The Annamite Montane Forests are home to a variety of mammals, including tigers, several species of muntjak, gibbons, leaf monkeys, an endangered monkey called the douc langur, and the newly discovered saola. Visit the forests and you might encounter noisy flocks of sooty babblers perched in bamboo thickets. And you may spy an imperial pheasant, a handsome bird with a purple-blue plumage. If you’re really lucky, you may witness the courtship display of a male green peafowl as he raises his brilliant green tail feathers and fans them out behind him to impress a female.

Cause for Concern

The natural communities of the Annamite Range Moist Forests are threatened by commercial logging, large hydropower projects, unsustainable levels of shifting cultivation, and intensive illegal hunting. Pressure on these mountain forests and the animals that live there is increasing as people from the densely populated lowlands of Vietnam move into the region.

Looking Ahead

The conservation goal for the forests of Indochina is to protect forest habitats through improved management of protected areas and sustainable forest management -- in collaboration with the indigenous groups living there.

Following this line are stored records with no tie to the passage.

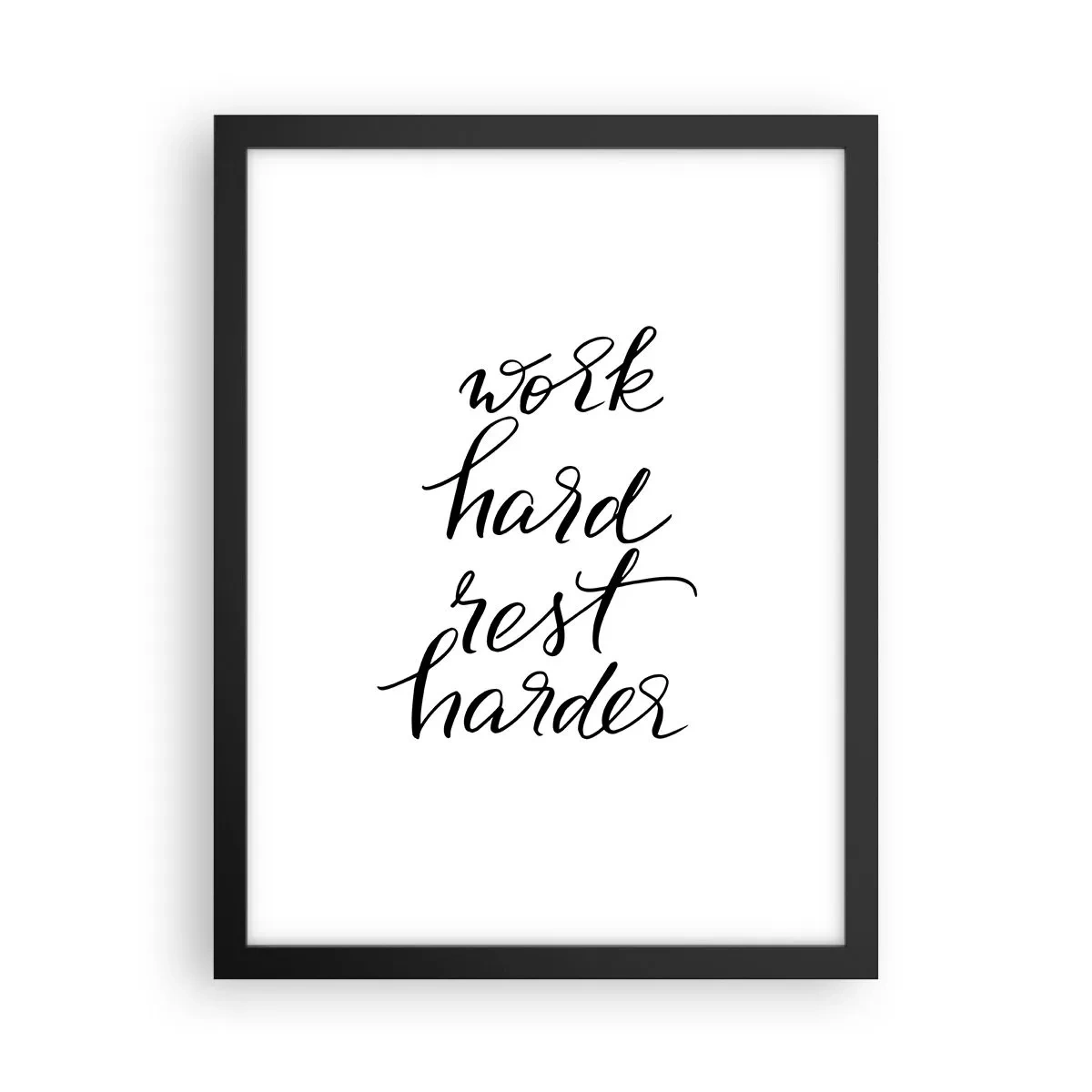 Plakat i sort ramme - Balance i livet - 30x40 cm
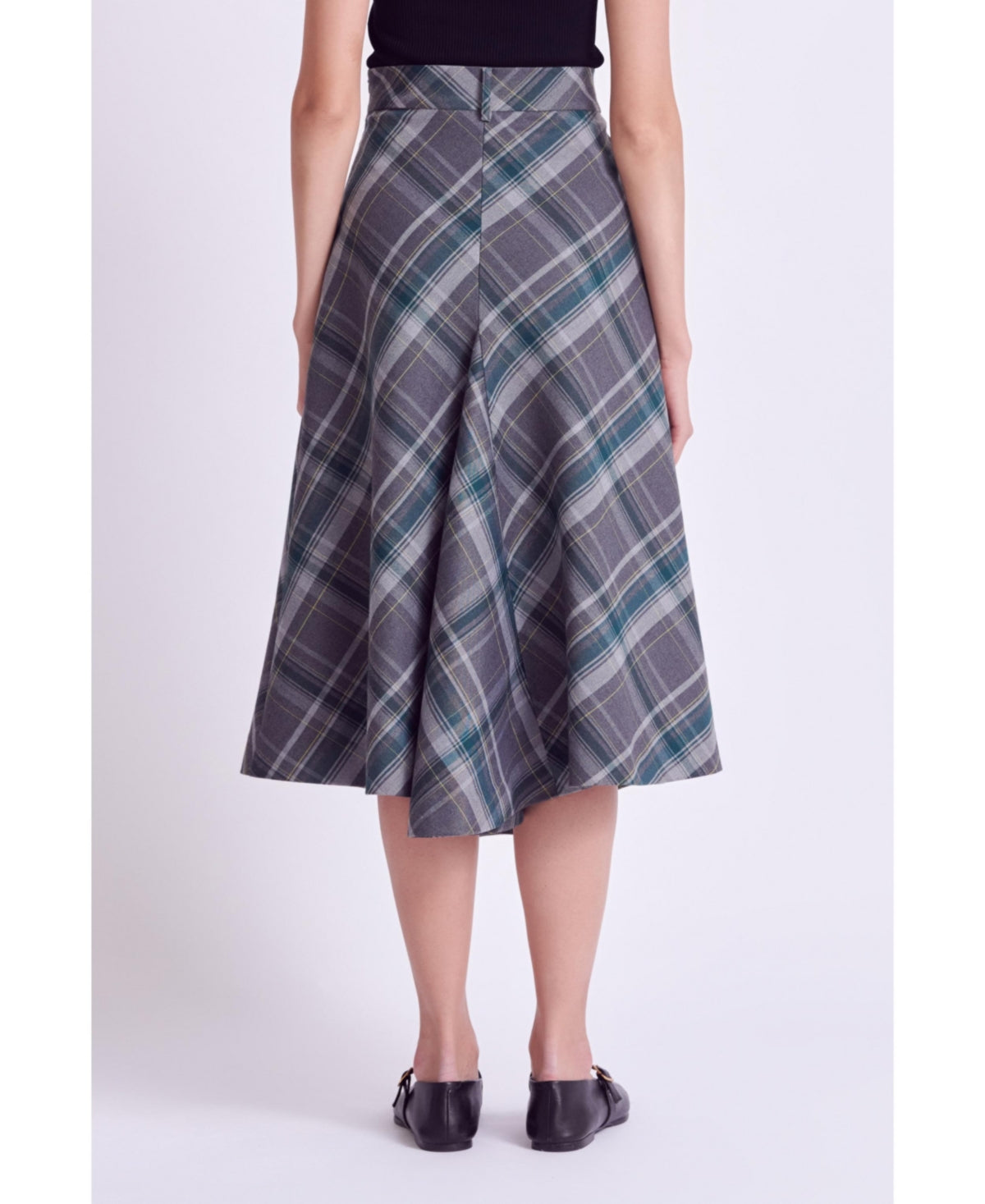 Plaid A Line Skirt - Grey/Green
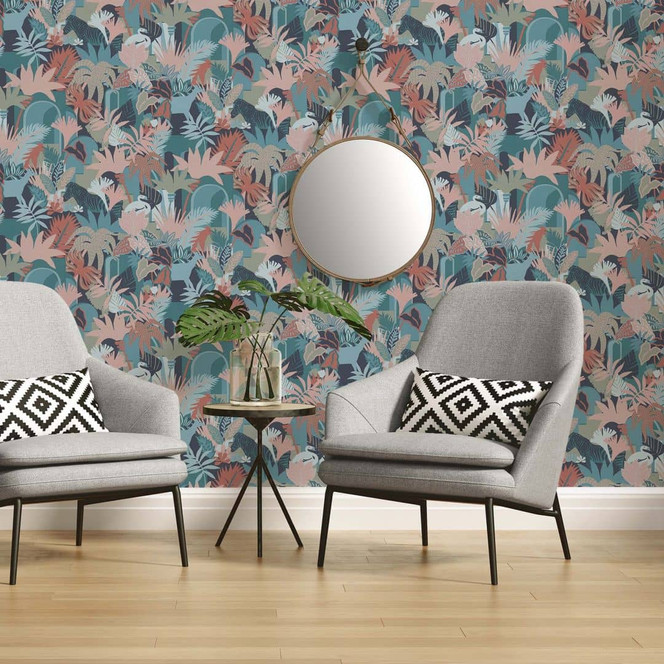 Dschungel Tapete Grün Blau - Pflanzen Blätter Vliestapete französisch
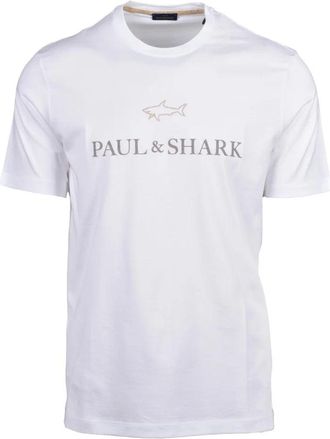Paul & Shark White Cotton Men T-shirt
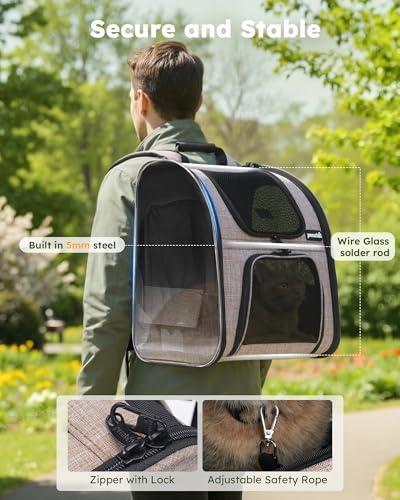 pecute Cat Backpack Expandable, Cat Backpack for Cat with Breathable Window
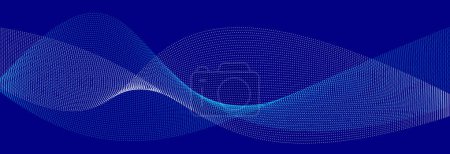 Téléchargez les illustrations : Pois bleus en mouvement fond abstrait vecteur sombre, flux ondulé réseau de particules, lignes courbes de points dans le mouvement, illustration de la technologie et de la science. - en licence libre de droit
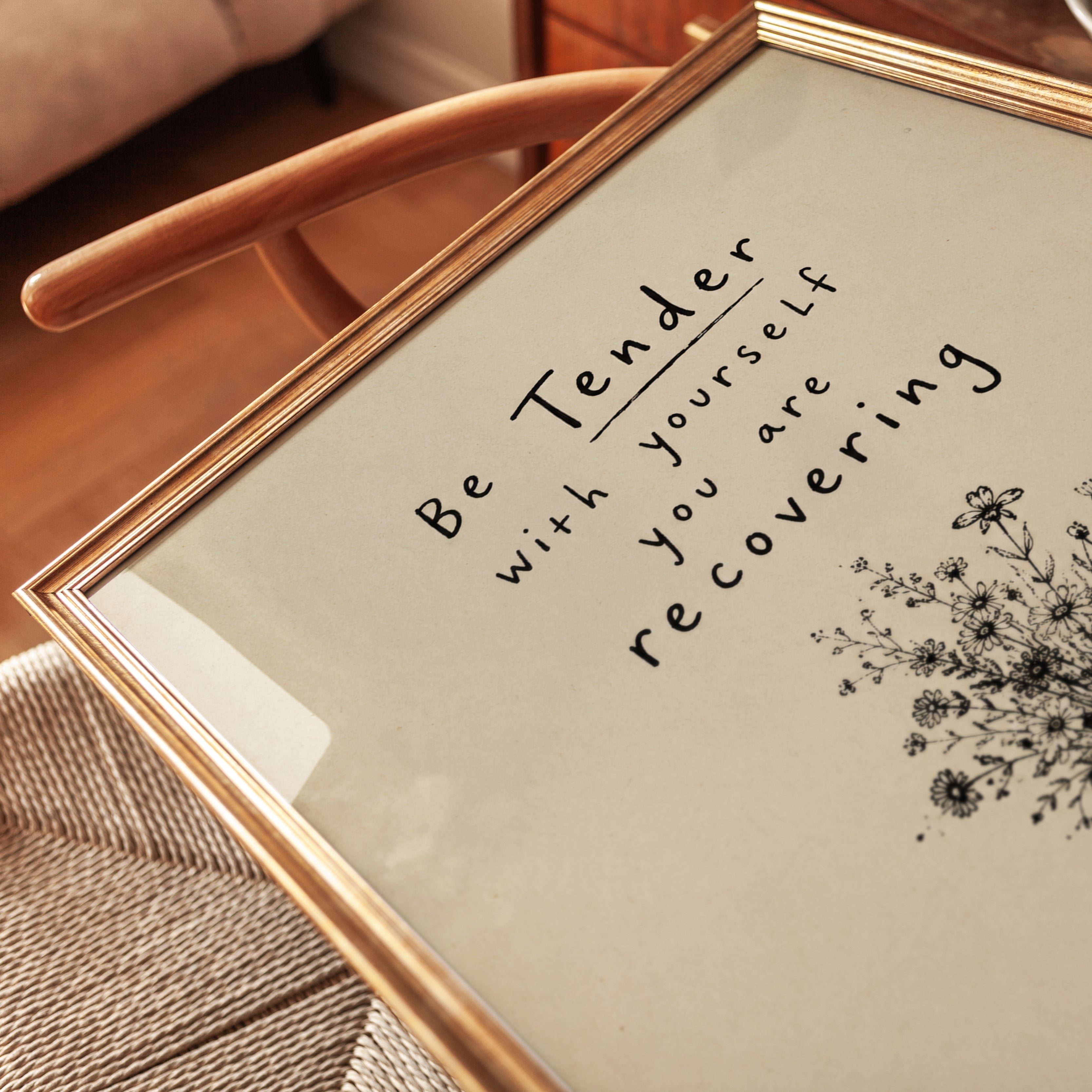 Be Tender With Yourself Print: Wildflower Vase Illustration - detail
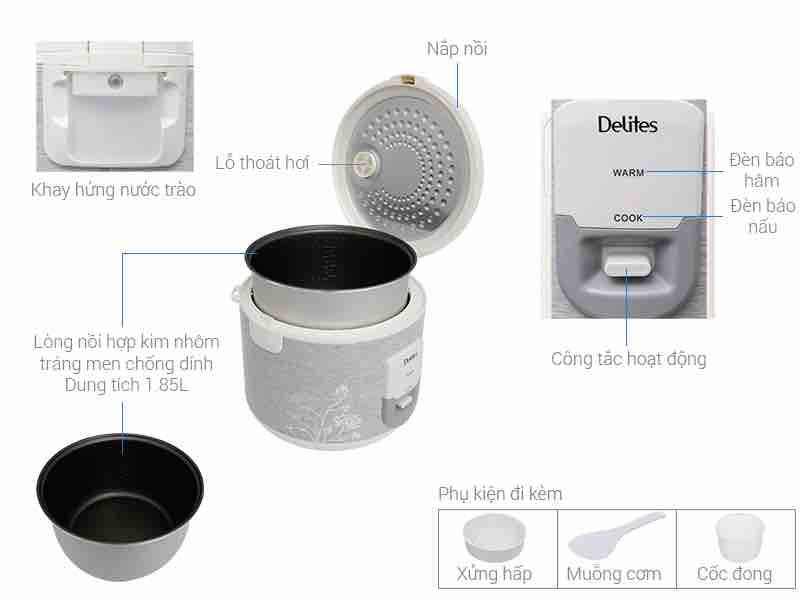 Nồi cơm điện Delites NCG1805 1.8L
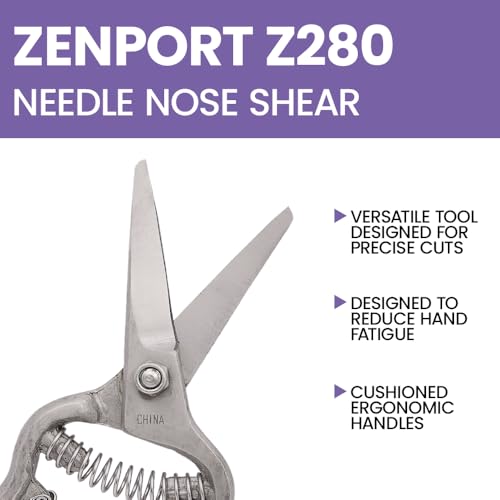Zenport Z280 Needlenose Shear, Grape, 8-Inch Heavy Duty Forged Steel Curved Blade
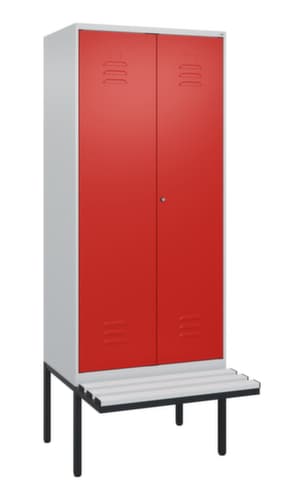 C+P Sitzbank-Spind Classic Plus für Schwarz-Weiß-Trennung, Abteilbreite 400 mm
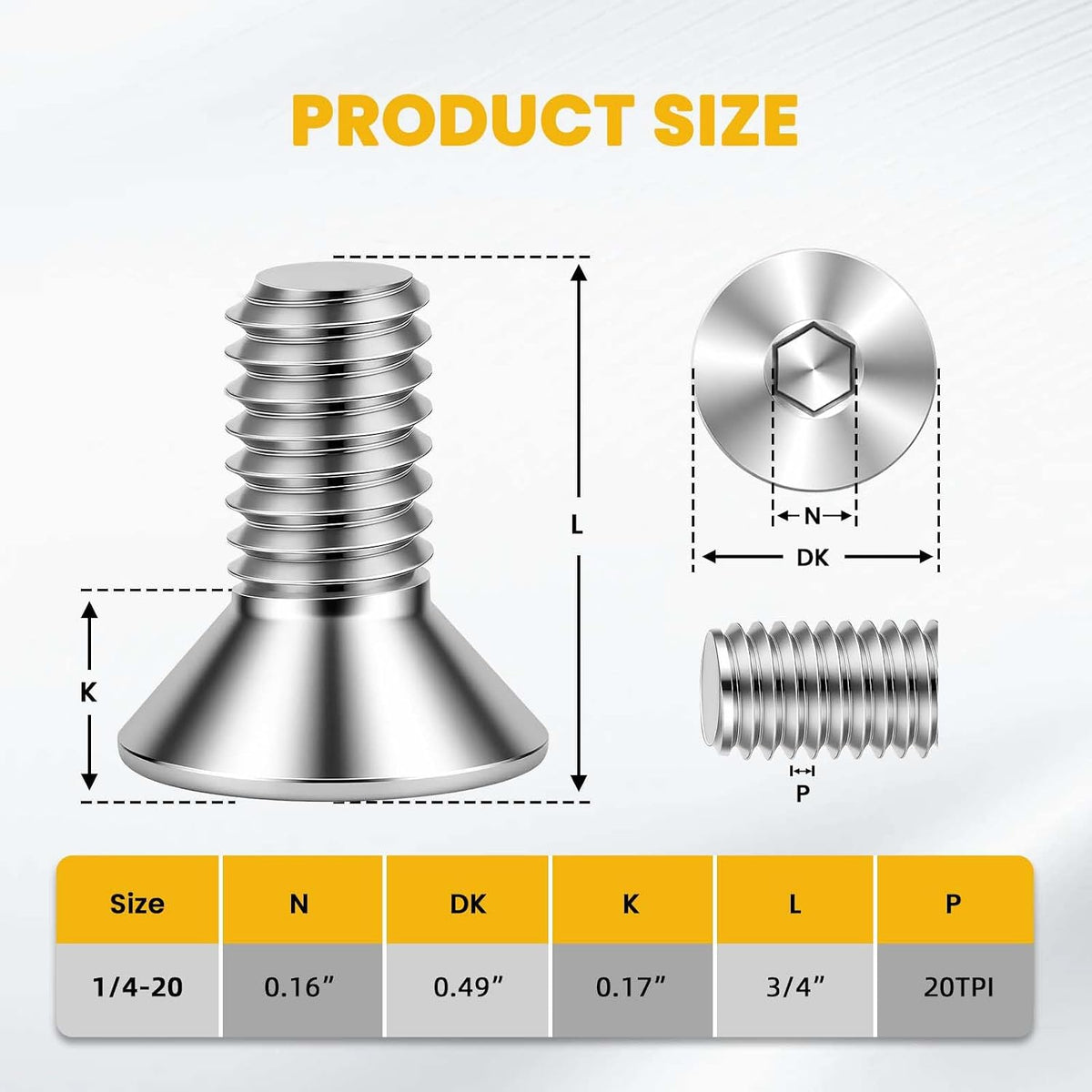 1/4-20 x 3/4" Flat Head Socket Cap Screws Countersunk Bolts, Allen Socket Drive, Stainless Steel 18-8 (304), Full Thread, Bright Finish, 20 PCS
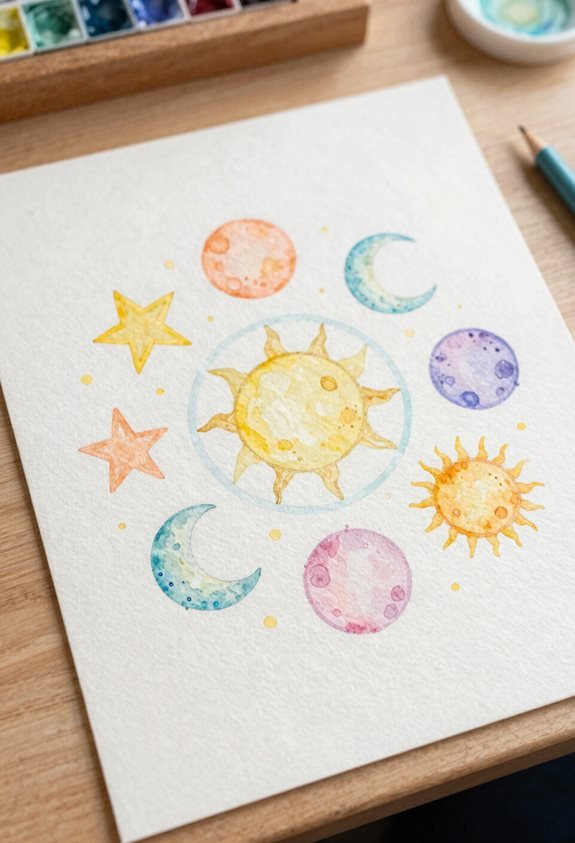 cosmic harmony watercolor designs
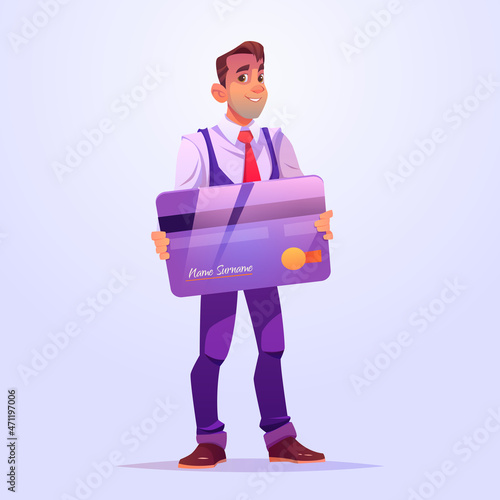 Business man hold plastic credit or debit card. Vector cartoon illustration of male character, businessman or banker holding purple banking card isolated on background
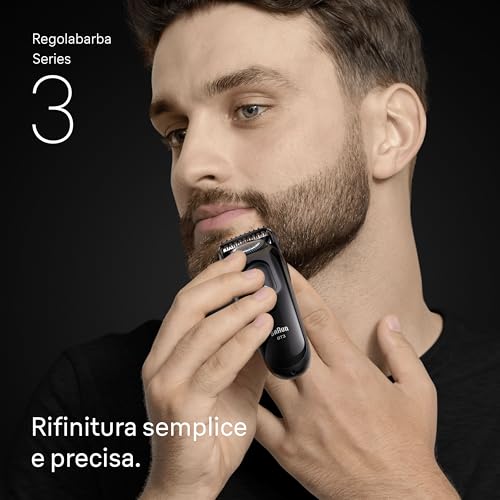 Braun Regolabarba Uomo Series 3, +6 Strumenti Di Styling, Lama Ultra Affilata, 50 Min Di Utilizzo, 40 Lunghezze, Rasoio Elettrico Barba, BT3565, Nero/Blu - Immagine 1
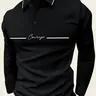 Men's Long Sleeve Polo Shirt with 'Courage' Print, Casual and Business Casual Attire for Fall/Spring, Lightweight and Ideal for Daily Outings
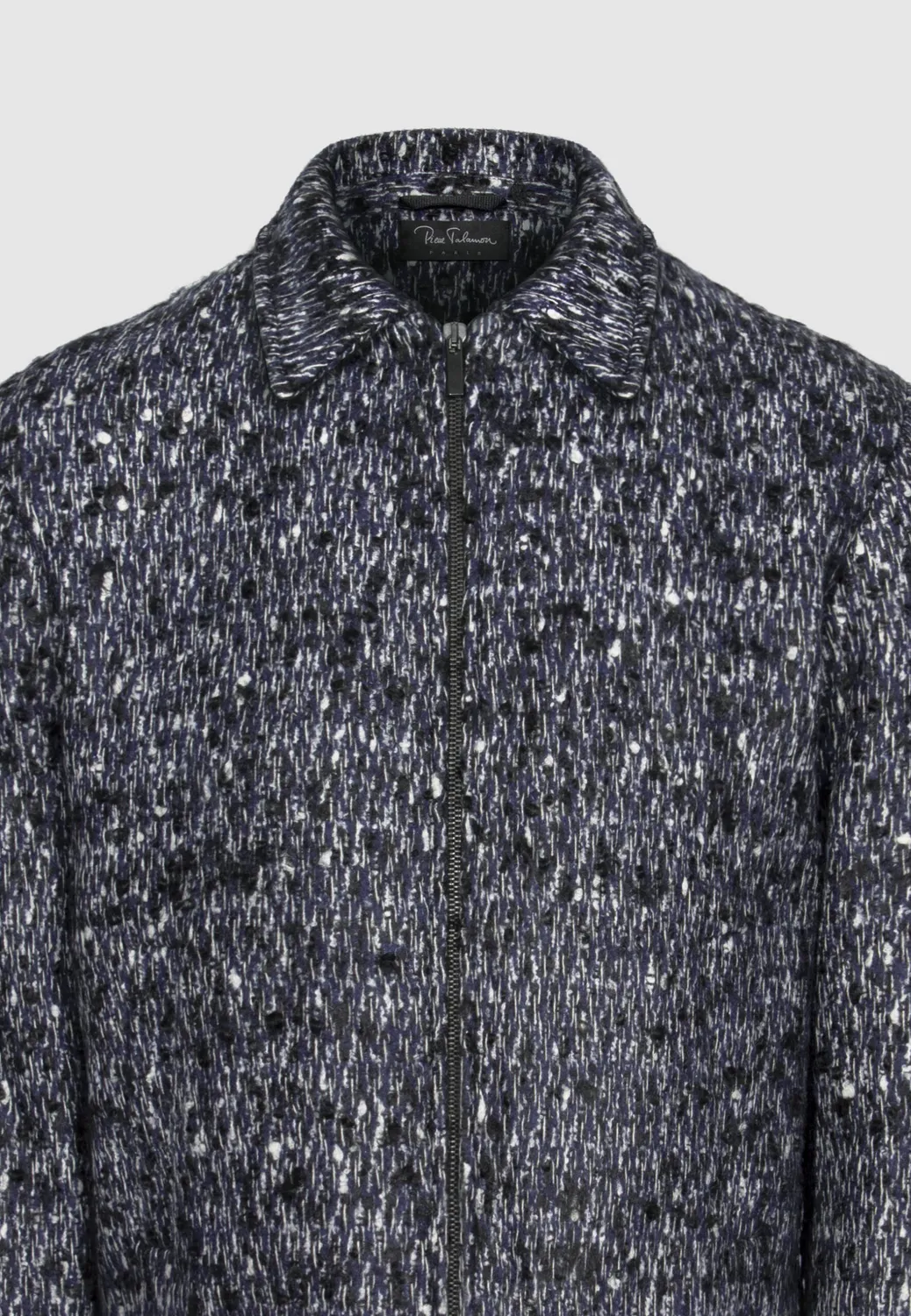 Pierre Talamon blouson tweed laine chiné bleu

Activities include identifying the most critical landscapes to global biodiversity conservation in the region, supporting park management and training throughout the region, and working to improve sustainable forest management through groups like the Vietnam National Workshop Group on Sustainable Forest Management and Forest Certification. At the same time, the region is a major crossroad for illegal wildlife trade, and many partners are working together to control wildlife poaching. For example, a new TRAFFIC office opened last year in Hanoi to curb the increasing illegal wildlife trade in Vietnam.